Le clavecin oculaire

 

Bleu, ut ; céladon, ut dièse ; vert, ré ; vert olive, ré dièse ; jaune, mi ; aurore, fa ; orangé, fa dièse ; rouge, sol ; cramoisi, sol dièse ; violet, la ; agathe, la dièse ; turquin, si…

Alors que je m’amusais à compiler cette suite d’effets de couleur, vus et photographiés, jour après jour, à ma fenêtre, j’ai songé que j’étais là en train de jouer du clavecin oculaire ! Je m’essayais de la sorte à la pratique énigmatique dont le Père Castel, au XVIIIe siècle, a défendu le principe, et dont il a tenté de montrer l’efficience, en lui dédiant un instrument conçu tout exprès.

Je reviens ici sur l’histoire du clavecin oculaire, et, plus encore, sur celle du Père Castel. Excellent organiste, bon mathématicien, âme sensible, le Père Castel était avant tout un homme de foi. La foi constitue chez lui le ressort essentiel et principal de la pensée. A ce titre, elle inspire le génie de l’inventeur, et il s’en suit que l’aventure intellectuelle ne se distingue aucunement ici de l’expérience spirituelle. C’est là, selon moi, ce qui rend l’histoire du Père Castel si forte et si passionnante.

En 1725, dans le Mercure de France, Louis Bertrand Castel, père jésuite, annonce qu’il se propose de créer un « clavecin oculaire ». Le concept suscite de vifs débats parmi les savants et les philosophes. Il fait l’objet d’un article de l’Encyclopédie :

Clavecin oculaire, (musiq. & opt.) : instrument à touches analogue au clavecin auriculaire, composé d’autant d’octaves de couleurs par tons & demi-tons, que le clavecin auriculaire a d’octaves de sons par tons & demi-tons, destiné à donner à l’âme par les yeux les mêmes sensations agréables de mélodie & d’harmonie de couleurs, que celles de mélodie & d’harmonie de sons que le clavecin ordinaire lui communique par l’oreille.

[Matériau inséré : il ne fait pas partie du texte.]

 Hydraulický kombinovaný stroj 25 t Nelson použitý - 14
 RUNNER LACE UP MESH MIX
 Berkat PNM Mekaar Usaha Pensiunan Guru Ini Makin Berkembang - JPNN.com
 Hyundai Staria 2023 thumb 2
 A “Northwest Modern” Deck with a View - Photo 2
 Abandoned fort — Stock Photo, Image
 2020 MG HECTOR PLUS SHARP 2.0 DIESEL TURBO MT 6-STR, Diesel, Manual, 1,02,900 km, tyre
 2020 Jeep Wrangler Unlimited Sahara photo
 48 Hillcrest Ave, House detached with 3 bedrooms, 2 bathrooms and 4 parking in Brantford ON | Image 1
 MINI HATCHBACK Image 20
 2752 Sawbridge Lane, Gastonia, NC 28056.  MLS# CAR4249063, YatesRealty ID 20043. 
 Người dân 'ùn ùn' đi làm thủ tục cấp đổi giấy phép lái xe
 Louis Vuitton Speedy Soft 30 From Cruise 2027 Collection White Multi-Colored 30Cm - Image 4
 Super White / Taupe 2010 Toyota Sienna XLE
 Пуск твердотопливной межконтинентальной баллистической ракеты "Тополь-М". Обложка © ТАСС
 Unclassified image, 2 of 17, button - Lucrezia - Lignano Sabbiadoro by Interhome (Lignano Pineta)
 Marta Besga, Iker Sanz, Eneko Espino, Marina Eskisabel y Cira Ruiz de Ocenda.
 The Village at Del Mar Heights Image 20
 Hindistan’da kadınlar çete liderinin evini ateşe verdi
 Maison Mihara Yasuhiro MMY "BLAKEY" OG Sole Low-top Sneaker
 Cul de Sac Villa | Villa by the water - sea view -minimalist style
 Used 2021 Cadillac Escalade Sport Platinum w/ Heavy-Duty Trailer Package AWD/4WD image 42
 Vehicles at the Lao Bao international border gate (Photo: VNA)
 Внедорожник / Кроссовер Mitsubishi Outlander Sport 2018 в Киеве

Semblablement au Père Kircher, dont la Musurgia universalis, encyclopédie de la musique, fait autorité depuis 1650, le Père Castel tient qu’il y a en toutes choses une disposition vibratoire, qui, éveillée par le Verbe et par le souffle de l’Esprit, fait venir, sur le mode de la résonance, la couleur et le son. Il tient également que les couleurs et les sons se répondent, en vertu de l’universelle harmonia, i. e. de la « ténébreuse et profonde unité » assignée au monde par le souffle l’Esprit.

Ci-dessus : illustration empruntée à la Musurgia universalis sive ars magna consoni et dissoni (1650), volume 2, de Athanasius Kircher ; ouvrage disponible sur le Service Commun de la Documentation de l’Université de Strasbourg.

Le Père Castel a tenté, toute sa vie durant, d’obtenir la fabrication de son clavecin oculaire. Il imaginait un clavecin dont le clavier actionnerait à la fois le mécanisme de pincement des cordes et le système d’affichage des couleurs. Ménagé par des trappes alternativement ouvertes ou fermées, celui-ci aurait fonctionné à l’aide d’un jeu de rubans, d’étoffes peintes, ou de lanternes équipées de verres prismatiques. Le Père Castel n’a trouvé hélas ni le financement ni le facteur de génie, également nécessaires, tous deux, à la réalisation de son projet. Egidio Romualdo Duni ((Originaire du royaume de Naples, Egidio Romualdo Duni (1709-1775) a d’abord été le rival de Pergolese. Il s’installe en 1757 à Paris, où il compose, sur des paroles du librettiste Charles Simon Favart, une dizaine d’opéras-comiques à succès.)) célèbre compositeur peint ci-dessous par Louis Carrogis, dit Carmontelle (1717-1806), continue tranquillement de jouer du clavecin habituel.

De façon plus essentielle, les physiologues ont reproché au Père Castel de méconnaître les lois de fonctionnement de nos récepteurs sensoriels. On ne saurait, disaient-ils, ni voir le son, ni entendre la couleur, puisque la vue et l’ouïe intéressent des organes différents, non susceptibles de fonctionnement croisé. Mais ils passent sous silence l’étrange phénomène des synesthésies.

Les physiciens, de leur côté, jugent hautement improbable qu’on puisse établir entre les ondes lumineuses et les ondes sonores une correspondance autre que fantastique ou purement arbitraire.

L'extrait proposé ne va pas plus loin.